All these problems give credence to Bookstaber's call for increased regulation and centralization of products on an exchange. Requiring institutions to trade derivatives on exchanges will create standardization of products and increase transparency to investors and outside counterparties. As Taleb pleads in his "Ten Principles For a Black-Swan-Proof World", "Do not give children sticks of dynamite, even if they come with a warning." Very few understand many of the products they are trading and we need to ban them. If no one understands the product, and as we have learned they can impact the entire system, it makes sense to stop creating them.

The problem is that the private sector will almost certainly be resistant to centralizing all trading on exchanges. The built-in incentives for all involved is opacity. The greater the opacity the greater the possibility for manipulation and hidden risk-taking. Complex derivative products allow managers to do what they cannot under current regulation and law. Bookstaber lays out the incentive structure in his testimony.

For the bank, the more complex and custom-made the instrument, the greater the chance the bank can price in a profit, for the simple reason that investors will not be able to readily determine its fair value. And if the bank creates a customized product, then it can also charge a higher spread when an investor comes back to trade out of the product.
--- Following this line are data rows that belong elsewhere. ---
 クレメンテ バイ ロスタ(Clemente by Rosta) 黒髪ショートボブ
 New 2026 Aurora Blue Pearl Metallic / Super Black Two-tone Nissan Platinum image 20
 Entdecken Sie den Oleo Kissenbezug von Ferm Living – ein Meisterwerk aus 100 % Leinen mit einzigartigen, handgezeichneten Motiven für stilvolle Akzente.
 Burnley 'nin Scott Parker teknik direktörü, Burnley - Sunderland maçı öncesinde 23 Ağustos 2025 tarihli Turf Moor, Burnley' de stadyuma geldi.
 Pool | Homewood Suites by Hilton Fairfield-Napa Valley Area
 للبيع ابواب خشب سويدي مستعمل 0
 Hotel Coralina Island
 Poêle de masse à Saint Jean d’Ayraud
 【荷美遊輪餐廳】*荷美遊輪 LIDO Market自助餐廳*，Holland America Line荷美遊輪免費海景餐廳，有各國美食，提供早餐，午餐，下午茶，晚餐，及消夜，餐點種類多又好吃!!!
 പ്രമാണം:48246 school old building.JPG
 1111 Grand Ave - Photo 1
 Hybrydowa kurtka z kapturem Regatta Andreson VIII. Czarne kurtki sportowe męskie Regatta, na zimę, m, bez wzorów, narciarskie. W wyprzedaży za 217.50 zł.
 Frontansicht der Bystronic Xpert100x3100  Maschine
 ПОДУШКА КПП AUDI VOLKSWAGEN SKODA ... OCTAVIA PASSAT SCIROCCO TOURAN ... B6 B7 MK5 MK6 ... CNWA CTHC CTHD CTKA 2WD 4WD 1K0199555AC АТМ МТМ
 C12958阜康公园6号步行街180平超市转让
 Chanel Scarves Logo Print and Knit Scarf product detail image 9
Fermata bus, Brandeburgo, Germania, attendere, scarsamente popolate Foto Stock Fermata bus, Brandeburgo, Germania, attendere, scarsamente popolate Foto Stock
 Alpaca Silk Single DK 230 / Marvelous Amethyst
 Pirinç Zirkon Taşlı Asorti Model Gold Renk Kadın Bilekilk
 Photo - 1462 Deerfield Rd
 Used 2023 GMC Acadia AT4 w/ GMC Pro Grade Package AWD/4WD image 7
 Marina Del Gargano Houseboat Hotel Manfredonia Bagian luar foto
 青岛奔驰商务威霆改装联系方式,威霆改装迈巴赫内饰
For the trader, the more complex the instrument, the more leeway he has in his operation, because it will be harder for the bank to measure his risk and price his book. And for the buyer, the more complex the instrument, the easier it is to obfuscate everything from the risk and leverage of their positions to the non-economic objectives they might have in mind.
In the end the need for trading to take place on an exchange seems clear. Even just the CDS market, with size estimates upwards of $50 trillion, the affects of major dislocations can be devastating to the entire global financial system. As we have found with many financial markets, the greatest efficiency is achieved by increasing transparency. The derivatives market is far too opaque. The current market allowed one company, the now-nationalized AIG, the ability to collapse the entire global system by writing an absurd number of CDS contracts. The US government was forced to nationalize the company or allow the market to meltdown as AIG would be forced to renege on its insurance guarantees and would create panic between banking institutions. Change is needed and exchange-based trading seems to be the most logical change even if industry fights it.